Stored data entries ::

◇ ◇ ◇ ◇ ◇ ◇ ◇

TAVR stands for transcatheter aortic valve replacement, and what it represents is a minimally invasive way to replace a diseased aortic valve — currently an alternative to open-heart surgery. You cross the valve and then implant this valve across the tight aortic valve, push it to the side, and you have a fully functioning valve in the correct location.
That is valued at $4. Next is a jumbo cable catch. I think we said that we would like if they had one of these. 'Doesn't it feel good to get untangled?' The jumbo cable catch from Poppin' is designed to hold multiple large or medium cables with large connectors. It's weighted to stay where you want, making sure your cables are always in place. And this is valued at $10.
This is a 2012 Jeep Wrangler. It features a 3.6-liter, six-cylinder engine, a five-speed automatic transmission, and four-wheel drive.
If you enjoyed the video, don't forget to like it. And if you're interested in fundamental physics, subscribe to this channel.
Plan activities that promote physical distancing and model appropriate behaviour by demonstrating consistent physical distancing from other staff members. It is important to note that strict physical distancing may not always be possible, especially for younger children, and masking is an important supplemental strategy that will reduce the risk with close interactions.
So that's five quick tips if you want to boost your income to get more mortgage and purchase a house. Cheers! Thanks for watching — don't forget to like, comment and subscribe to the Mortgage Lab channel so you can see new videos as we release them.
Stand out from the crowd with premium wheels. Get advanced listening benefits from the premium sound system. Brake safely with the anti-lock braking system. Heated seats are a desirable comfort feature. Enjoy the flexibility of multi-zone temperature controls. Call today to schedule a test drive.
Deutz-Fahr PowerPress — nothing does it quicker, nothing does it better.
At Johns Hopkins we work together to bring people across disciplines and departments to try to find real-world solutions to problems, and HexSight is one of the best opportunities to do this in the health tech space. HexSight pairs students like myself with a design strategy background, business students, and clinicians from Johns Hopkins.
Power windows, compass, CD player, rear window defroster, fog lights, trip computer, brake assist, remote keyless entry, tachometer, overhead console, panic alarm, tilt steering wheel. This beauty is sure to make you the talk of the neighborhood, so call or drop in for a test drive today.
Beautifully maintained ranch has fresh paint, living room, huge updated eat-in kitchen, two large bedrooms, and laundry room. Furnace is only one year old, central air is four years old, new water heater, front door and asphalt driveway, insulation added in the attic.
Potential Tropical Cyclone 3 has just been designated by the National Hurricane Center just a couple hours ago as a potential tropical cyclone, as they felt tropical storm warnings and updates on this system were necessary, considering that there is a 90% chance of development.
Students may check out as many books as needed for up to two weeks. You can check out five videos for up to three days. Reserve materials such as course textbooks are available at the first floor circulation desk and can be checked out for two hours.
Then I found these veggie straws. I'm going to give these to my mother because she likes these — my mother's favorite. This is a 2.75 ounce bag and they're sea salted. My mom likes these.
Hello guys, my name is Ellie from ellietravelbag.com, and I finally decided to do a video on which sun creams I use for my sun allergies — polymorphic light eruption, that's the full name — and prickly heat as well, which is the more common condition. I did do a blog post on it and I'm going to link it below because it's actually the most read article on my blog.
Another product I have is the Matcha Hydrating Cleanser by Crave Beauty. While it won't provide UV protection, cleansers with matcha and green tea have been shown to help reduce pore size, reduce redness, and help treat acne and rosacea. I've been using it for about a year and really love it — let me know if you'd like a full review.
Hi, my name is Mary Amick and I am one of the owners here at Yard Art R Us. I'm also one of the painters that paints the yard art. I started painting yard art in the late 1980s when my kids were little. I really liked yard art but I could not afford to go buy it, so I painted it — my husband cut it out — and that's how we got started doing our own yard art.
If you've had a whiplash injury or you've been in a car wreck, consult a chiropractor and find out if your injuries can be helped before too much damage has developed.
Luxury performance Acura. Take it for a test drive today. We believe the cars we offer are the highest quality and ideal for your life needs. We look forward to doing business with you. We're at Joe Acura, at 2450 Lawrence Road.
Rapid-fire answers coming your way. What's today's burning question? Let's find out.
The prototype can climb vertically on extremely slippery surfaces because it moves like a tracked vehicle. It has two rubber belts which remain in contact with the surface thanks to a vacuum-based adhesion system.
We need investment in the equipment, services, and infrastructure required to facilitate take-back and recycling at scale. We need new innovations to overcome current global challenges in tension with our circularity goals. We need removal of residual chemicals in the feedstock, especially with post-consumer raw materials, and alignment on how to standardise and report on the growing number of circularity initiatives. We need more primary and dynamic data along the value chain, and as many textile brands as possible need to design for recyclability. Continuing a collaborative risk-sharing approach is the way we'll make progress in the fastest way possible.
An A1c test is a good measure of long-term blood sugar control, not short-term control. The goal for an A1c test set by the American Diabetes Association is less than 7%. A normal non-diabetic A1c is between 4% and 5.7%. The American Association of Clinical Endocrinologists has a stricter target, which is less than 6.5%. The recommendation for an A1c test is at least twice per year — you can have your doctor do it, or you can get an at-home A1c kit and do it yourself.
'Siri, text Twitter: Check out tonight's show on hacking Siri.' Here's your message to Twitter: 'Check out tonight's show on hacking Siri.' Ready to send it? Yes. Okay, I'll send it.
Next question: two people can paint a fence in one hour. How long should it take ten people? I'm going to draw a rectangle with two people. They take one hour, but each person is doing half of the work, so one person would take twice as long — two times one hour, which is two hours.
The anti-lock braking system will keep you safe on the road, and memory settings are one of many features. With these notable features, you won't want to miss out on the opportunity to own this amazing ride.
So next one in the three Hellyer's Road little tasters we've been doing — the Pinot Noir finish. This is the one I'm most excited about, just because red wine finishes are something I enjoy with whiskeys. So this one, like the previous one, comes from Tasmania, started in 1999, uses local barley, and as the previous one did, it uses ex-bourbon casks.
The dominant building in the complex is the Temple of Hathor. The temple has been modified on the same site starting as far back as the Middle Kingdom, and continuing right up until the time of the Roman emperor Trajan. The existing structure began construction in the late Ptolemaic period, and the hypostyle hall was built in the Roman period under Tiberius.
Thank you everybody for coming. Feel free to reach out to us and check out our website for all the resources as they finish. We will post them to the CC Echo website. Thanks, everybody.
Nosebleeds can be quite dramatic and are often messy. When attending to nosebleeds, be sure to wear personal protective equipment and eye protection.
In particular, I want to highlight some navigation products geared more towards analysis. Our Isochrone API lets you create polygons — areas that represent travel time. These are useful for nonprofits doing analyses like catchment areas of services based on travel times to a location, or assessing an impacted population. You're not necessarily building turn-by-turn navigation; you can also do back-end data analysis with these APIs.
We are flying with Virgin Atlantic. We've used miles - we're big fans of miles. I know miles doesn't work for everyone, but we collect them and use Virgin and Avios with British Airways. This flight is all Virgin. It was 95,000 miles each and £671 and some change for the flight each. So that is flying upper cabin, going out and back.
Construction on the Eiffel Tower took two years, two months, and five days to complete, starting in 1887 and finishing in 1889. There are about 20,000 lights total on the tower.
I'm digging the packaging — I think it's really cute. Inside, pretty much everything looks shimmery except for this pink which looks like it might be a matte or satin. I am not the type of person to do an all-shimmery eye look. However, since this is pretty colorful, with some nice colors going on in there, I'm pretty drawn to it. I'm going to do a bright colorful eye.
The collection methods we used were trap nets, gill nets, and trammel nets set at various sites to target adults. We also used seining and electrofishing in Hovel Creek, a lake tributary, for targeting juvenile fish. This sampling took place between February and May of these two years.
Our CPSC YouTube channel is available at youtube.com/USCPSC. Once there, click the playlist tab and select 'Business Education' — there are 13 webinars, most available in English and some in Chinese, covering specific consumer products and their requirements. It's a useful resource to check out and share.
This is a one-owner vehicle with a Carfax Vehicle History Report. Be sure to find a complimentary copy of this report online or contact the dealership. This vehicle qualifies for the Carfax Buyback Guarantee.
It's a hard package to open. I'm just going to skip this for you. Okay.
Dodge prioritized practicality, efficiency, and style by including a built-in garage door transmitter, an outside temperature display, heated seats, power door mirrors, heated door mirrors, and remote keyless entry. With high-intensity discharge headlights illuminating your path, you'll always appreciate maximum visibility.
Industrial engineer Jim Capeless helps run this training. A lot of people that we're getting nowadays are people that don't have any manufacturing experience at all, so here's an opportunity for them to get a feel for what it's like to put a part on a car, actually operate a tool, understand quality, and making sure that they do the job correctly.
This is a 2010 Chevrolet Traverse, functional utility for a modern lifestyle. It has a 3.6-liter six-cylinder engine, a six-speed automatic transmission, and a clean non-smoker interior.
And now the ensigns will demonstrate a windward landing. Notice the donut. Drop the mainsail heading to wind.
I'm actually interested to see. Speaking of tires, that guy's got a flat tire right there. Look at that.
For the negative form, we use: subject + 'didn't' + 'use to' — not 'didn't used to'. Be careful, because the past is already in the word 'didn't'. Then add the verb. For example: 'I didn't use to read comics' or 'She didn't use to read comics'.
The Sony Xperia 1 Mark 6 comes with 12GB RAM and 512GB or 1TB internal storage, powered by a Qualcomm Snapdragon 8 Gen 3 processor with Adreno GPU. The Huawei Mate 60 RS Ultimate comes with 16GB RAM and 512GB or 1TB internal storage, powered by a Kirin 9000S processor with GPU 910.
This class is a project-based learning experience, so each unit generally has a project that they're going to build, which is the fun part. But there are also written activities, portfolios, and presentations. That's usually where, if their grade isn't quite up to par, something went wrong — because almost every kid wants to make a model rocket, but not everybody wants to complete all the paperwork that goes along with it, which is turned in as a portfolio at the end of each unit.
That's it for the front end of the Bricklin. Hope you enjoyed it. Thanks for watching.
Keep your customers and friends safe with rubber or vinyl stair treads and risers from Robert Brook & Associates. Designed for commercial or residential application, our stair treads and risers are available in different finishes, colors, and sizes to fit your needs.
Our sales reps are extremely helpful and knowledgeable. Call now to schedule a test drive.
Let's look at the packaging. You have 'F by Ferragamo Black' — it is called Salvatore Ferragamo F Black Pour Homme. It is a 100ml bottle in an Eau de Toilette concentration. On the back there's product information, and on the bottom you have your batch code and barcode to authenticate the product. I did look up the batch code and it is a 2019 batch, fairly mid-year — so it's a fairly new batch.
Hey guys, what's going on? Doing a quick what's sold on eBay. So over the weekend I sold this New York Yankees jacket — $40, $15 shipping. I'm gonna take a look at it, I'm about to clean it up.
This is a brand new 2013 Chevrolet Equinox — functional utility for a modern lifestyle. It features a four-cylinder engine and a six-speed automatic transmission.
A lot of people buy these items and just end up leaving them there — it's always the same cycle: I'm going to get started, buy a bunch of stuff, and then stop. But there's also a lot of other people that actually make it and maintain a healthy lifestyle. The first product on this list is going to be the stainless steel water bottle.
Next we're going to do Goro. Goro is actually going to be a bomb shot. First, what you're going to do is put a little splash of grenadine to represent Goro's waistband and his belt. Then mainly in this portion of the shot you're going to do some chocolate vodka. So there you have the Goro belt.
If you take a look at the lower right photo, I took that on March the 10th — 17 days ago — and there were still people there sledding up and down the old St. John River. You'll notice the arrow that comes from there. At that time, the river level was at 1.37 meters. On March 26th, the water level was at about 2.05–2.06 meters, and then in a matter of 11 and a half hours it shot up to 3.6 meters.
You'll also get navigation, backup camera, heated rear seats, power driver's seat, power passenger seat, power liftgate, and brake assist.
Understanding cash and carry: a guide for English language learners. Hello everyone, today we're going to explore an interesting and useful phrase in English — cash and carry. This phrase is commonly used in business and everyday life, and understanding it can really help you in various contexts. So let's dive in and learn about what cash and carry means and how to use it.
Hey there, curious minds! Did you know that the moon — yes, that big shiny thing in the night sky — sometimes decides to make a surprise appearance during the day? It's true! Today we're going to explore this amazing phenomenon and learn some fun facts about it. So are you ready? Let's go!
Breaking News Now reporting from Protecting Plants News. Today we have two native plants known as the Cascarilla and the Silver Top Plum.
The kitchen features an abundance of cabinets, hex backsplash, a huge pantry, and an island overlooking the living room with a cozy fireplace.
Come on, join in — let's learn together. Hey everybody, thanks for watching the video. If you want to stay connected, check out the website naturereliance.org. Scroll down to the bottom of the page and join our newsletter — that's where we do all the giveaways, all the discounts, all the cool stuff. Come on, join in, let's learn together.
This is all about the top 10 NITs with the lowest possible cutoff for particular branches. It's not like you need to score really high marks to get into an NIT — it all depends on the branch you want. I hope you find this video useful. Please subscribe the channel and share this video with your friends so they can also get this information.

◇ ◇ ◇ ◇ ◇ ◇ ◇

Problem :: Taking the line with "The collection methods" as the first and the line with "Our CPSC YouTube" as the last, retype that stretch of the data above exactly, with no other lines.

Result below ::
The collection methods we used were trap nets, gill nets, and trammel nets set at various sites to target adults. We also used seining and electrofishing in Hovel Creek, a lake tributary, for targeting juvenile fish. This sampling took place between February and May of these two years.
Our CPSC YouTube channel is available at youtube.com/USCPSC. Once there, click the playlist tab and select 'Business Education' — there are 13 webinars, most available in English and some in Chinese, covering specific consumer products and their requirements. It's a useful resource to check out and share.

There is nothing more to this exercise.